LA RECLUSE

Poème épique de Claude Ferrandeix évoquant la recluse de Saint-Flour. Description et histoire de la ville au Moyen Âge. Cet épisode s’appuie sur un fait d’histoire attesté, selon les termes de l’auteur Françoise Valencien, qui en a constitué l’intrigue de sa nouvelle La Recluse du Pont Vieux (Éditions Bussy - 1993).
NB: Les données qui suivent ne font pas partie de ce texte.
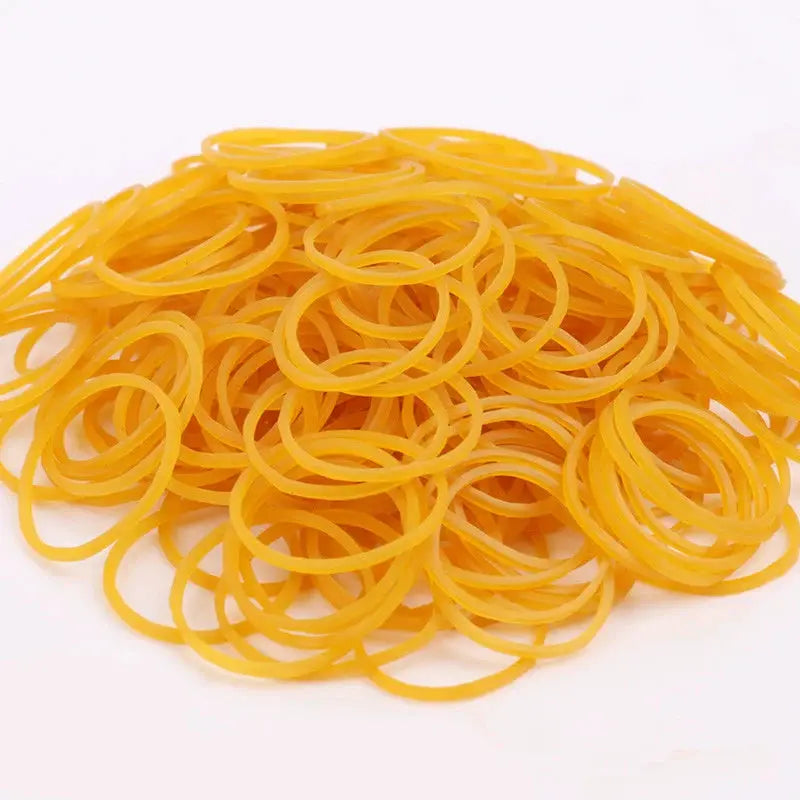 Yellow rubber bands bulk pile; high elasticity and high-temperature resistance.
Geignement dans la nuit" incessant' continu
Geignement accablant" geignement lancinant.
Le vent sans répit souffle" acharné' déchaîné
L’écir' le vent glacial" venu des puys neigeux.
L’écir' l’écir sifflant" miaulant' hurlant' grondant
L’écir qui mord' l’écir" qui saisit' engourdit.
L’écir qui prend d’assaut" la haute citadelle
Saint-Flour' ville d’Auvergne" au bord de sa planèze.
Geignement dans la nuit" geignement dans le froid.
Geignement' geignement" insoutenable' atroce.
Devant le pont barré" le factionnaire en poste
Bien encapuchonné" dans son épais saïles
Tend son oreille' inquiet" vers la pile centrale
Car c’est là que survit" demi-nue' la recluse.
Geignement dans la nuit" geignement dans le froid.
Douleur' douleur intense" horrible' insoutenable.
Pour qu’elle souffrît plus" et qu’elle fût plus sainte
L’on avait élevé" devant la troisième arche
La restreinte cellule" en encorbellement.
L’humidité malsaine" ainsi l’environnant
Générait en son corps" de violents rhumatismes.
Dessous' l’onde fluant" dessus' les nues fuyant.
Miroir de la Conscience" emporté par le Temps
Nacelle abandonnée" dans le vide infini
L’habitacle paraît" dans l’éther suspendu.
Geignement dans la nuit" geignement dans le froid.
Geignement' geignement" sinistre' insoutenable.
Sans répit' nuit et jour" elle souffre' elle prie.
Geignement' geignement" continu' lancinant.
Pendant que les bourgeois" à la douce chaleur
Se régalent de mets" sous les feux des lampions
Tremblante' elle gémit" seule avec son malheur.
Douleur' douleur' dans les os' dans la chair' douleur
Dans les doigts' les tendons" les genoux' les épaules.
Sans répit' jour et nuit" elle souffre' elle prie.
Douleur' sans rémission" douleur' sans fin' sans trêve
Dans les mains' dans les pieds' dans les bras' dans la tête.
Bientôt' l’Éternité" la Paix béatifique
Les anges voletant" sur les nues lumineuses
Les séraphins jouant" dans les vertes feuillées...
Douleur' douleur' douleur" s’irradiant' s’attisant.
La voix' mince filet" ténu comme la vie
De plus en plus devient" inaudible' indistincte.
Le geignement s’éteint... Le factionnaire écoute.
Son inquiétude augmente" il fronce les sourcils.
Pourvu' pourvu' mon Dieu" pourvu que la prière
D’un coup ne s’interrompe" au milieu de la nuit
Car la ville dès lors" serait sans protection.
Le geignement reprend. Le garde est rassuré.
Le silence à nouveau - Serait-ce la fin? Las.
Mon Dieu' se pourrait-il" qu’elle meure aujourd’hui?
Quel terrible malheur" détruirait la cité.
Plus rien - Le garde alors" va quérir une torche.
Prudemment il franchit" le pont jusqu’au mitan.
Vers la recluserie" lentement il s’avance.
Voici le fenestrou" le volet refermé.
Comme si le mystère" entourant ce lieu saint
Le nimbait d’une aura" d’horreur et de terreur
Le garde s’interroge" hésitant' circonspect.
Que va-t-il découvrir" en ce réduit lugubre?
S’armant de son courage " il rabat le volet.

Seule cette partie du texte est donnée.